[What you should do]: Start the copy at the line holding "The Nymphya Shop" and continue it exactly through the last line of the entries, leaving out pictures and anything else.

*** Exercise input

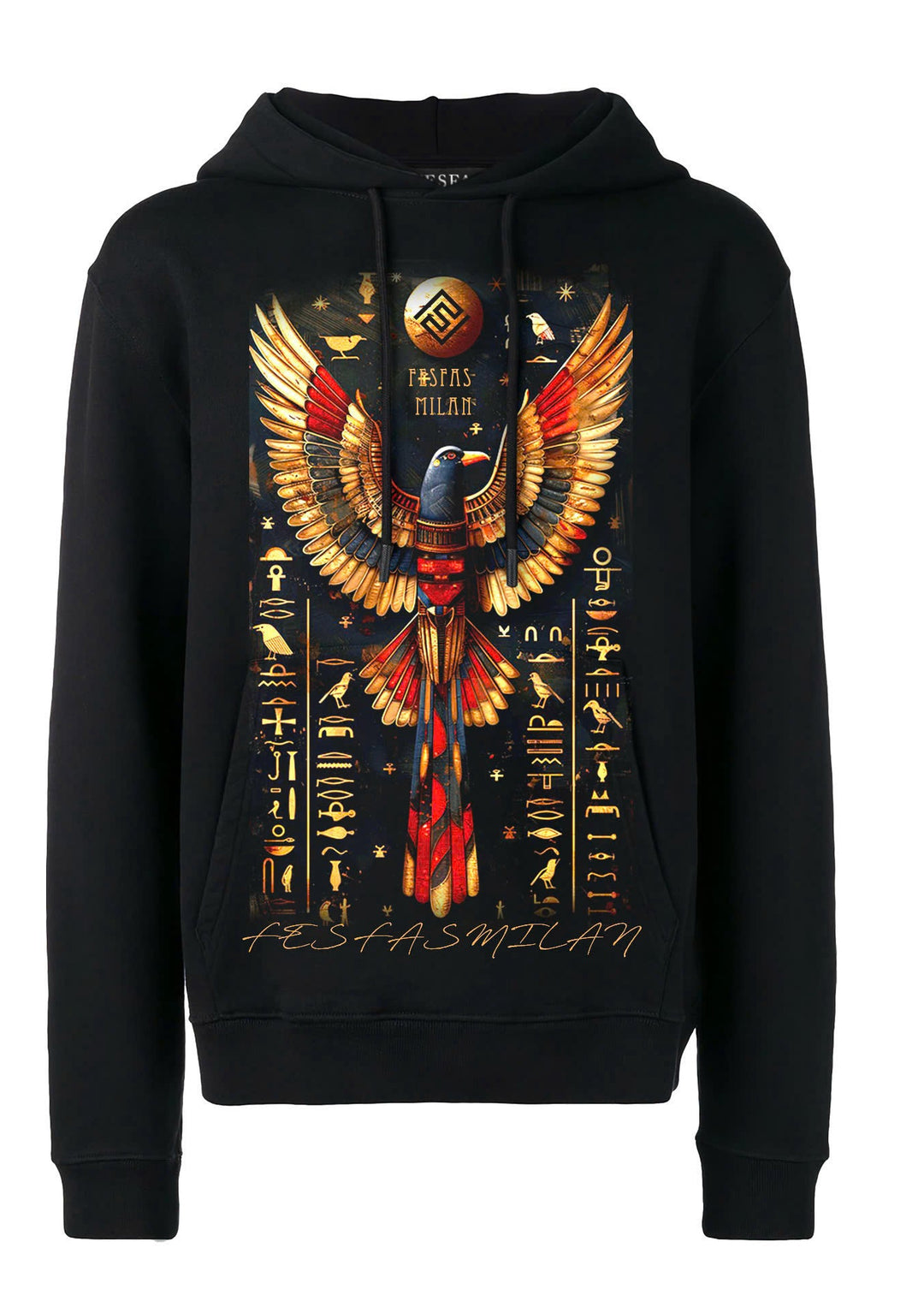 FesFas Egyptian bird-print Hoodie Set | Black | Men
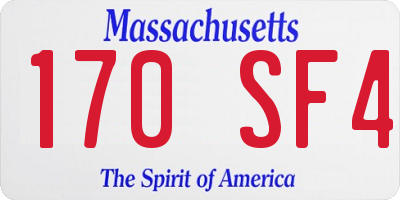 MA license plate 170SF4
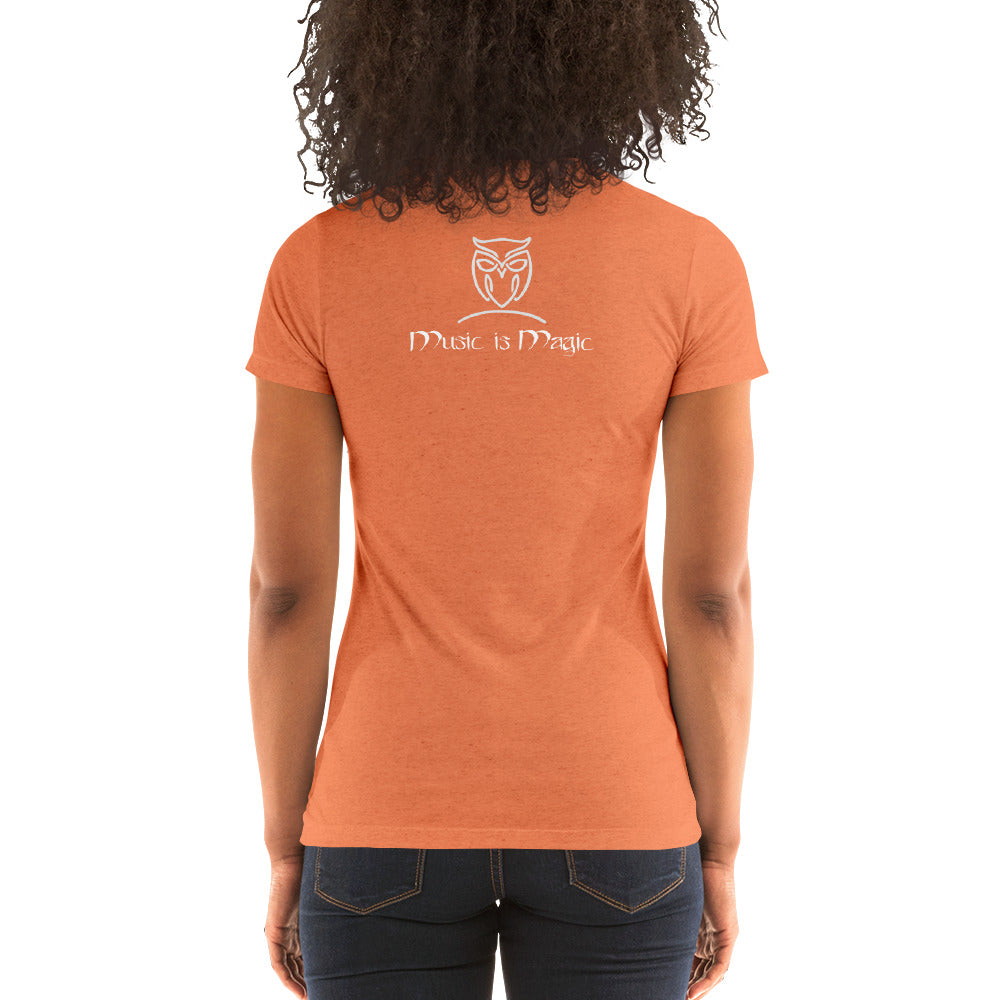 Ladies' Scoopneck  Form-Fitting Nymphya "Music is Magic" T-Shirt - The Nymphya Shop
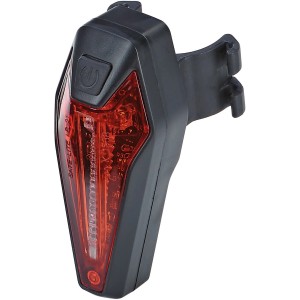 Prophete LED-Rücklicht mit 220° Sichtbarkeit, modernes Design für Fahrräder und E-Bikes.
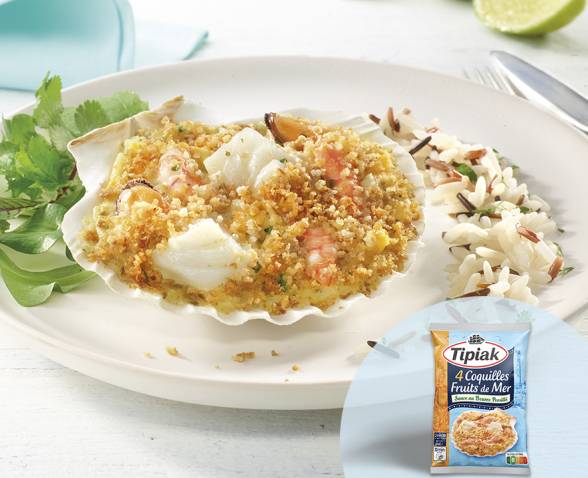 4 Coquilles Fruits de Mer, Sauce au Beurre Persillé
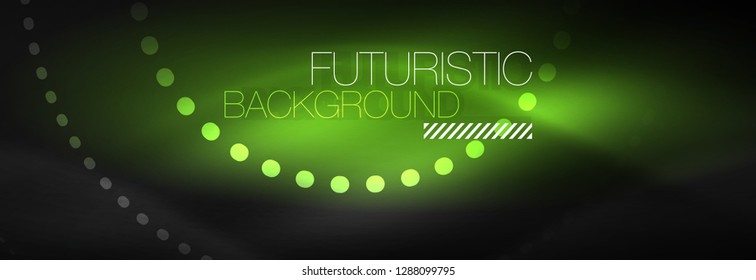 Puntos de línea de círculo de neón brillante, diseño de línea redonda, estilo abstracto sobre fondo negro. Neon círculos redondos abstractos. Luces de neón mágico y puntos brillantes. Ilustración del vector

******

[Result below]:
 Ladies' Scoopneck  Form-Fitting Nymphya "Music is Magic" T-Shirt - The Nymphya Shop
 Prophete LED-Rücklicht mit 220° Sichtbarkeit, modernes Design für Fahrräder und E-Bikes.
 4 Coquilles Fruits de Mer, Sauce au Beurre Persillé
 Puntos de línea de círculo de neón brillante, diseño de línea redonda, estilo abstracto sobre fondo negro. Neon círculos redondos abstractos. Luces de neón mágico y puntos brillantes. Ilustración del vector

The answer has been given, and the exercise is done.